Мир расползался, он же скреплял его своими офортами.
Так, сидя в закутке, в бабушкиной кофте, штопают чулок на лампочке.
Он много работал.
А если вам снится сон о работе — надо продолжать это дело. Это значит, что пробуждение близко.
Пока не был послан ему будильник такой страшной силы, что проспать он уже не мог.
ЖИТИЕ И СМЕРТЬ ЛЕНИ ШВЕЦА, ПОЭТА
Начали, наконец, умирать мы сами.
В один из последних дней этой осени вышел из окна львовский поэт Леня Швец. Многие знали его.
Да если бы он просто был городским чудаком, уличным клоуном, колоритным маргиналом, он уже был бы культурным явлением, — пусть локального масштаба. Сколько людей во Львове благодарно помнят уличного трубача начала 70-х, — у людей светлели лица. Того извела брежневская милия. Этого извел сам город. Слишком долго простоял он, упираясь лбом в стенку, обступавшую уже со всех сторон, растущую ввысь и вширь, — пока не пробил ее однажды собственной головой, с криком «Боже, бери меня!» выйдя в окно от санитаров.

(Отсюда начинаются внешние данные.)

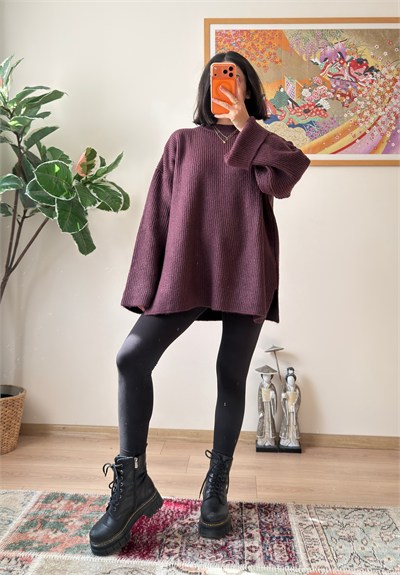 Yırtmaç Detaylı Oversize Triko Kazak Mürdüm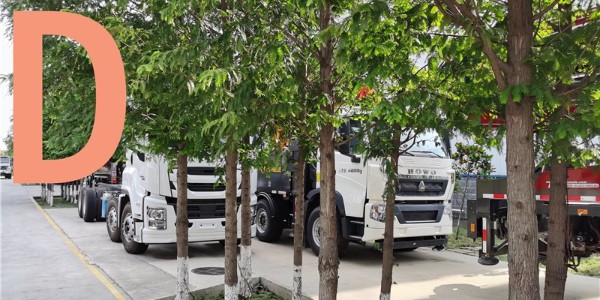 泵车到施工现场后打泵前应做哪些准备工作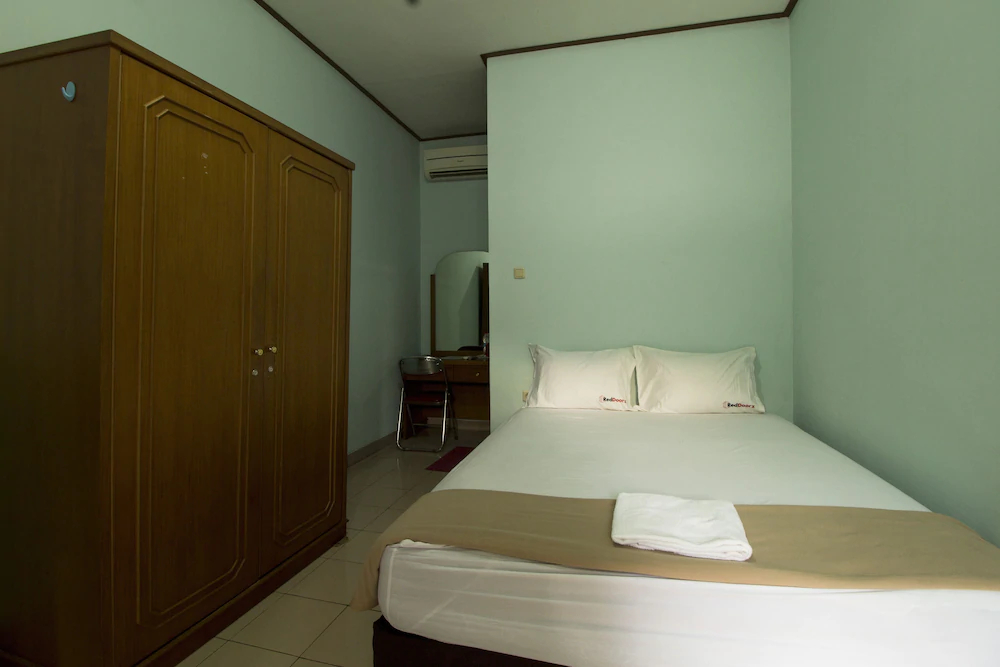 Genteng Ijo Residence by Reddoorz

Подобная степень откровенности в разговоре о непростых вещах не в ходу в нашем культурном обиходе. И все же, иногда, чтобы все не исчезало бесследно, следует идти на такой риск. Тем более, что сам Леня был публичным человеком, жизнь его протекала на виду у всех, и не думаю, что он осудил бы меня за это. Это не разборки с людьми, — виноватыми, невиноватыми, — это разборки с жизнью.
Во Львов он приехал почти четверть века назад. Города терпят людей, в т. ч. приезжих, но их не любят, — это их право. Он этого не знал. Ему казалось, что в его родном Крюково под Кременчугом все было иначе. Уже совсем недавно ему объяснили, что «людина без нации — то раб». У него была нация. Он был из нации поэтов. Он так долго вел образ жизни поэта, что оказалось, что это серьезно, что это не «для девушек», что за это надо платить. Редчайший случай, когда человек выписывается, дописывается до стихов, — поэтому он и жил так долго, целых 44 года, — чтобы дописаться до них. За это, действительно, надо платить.
Вначале он вышел из клетки заурядности и вторичности в более просторный вольер душевной болезни. Не сразу, конечно. В те годы он еще работал: когда-то был неплохим футболистом, забивающим голы, затем самым начитанным грузчиком «Облкниготорга», был многообещающим униформистом — партнером клоунов — в цирке и непременным статистом на всех киносъемках, в те времена еще, когда весь Запад снимался во Львове и Прибалтике, освоил самоуком по хрестоматии все 4 тома истории философии, жалел и собирал книги, отправляемые на переплавку, на львовской картонажной фабрике. Дальше была нищенская пенсия, выделяемая государством инвалидам умственного труда. Все это время он писал стихи. Он был законченным «семидесятником» и жил при этом слишком наивно, открыто. Разговаривал громко, не умел себя вести. Немец думает, русский — славянин, т. е. — делает.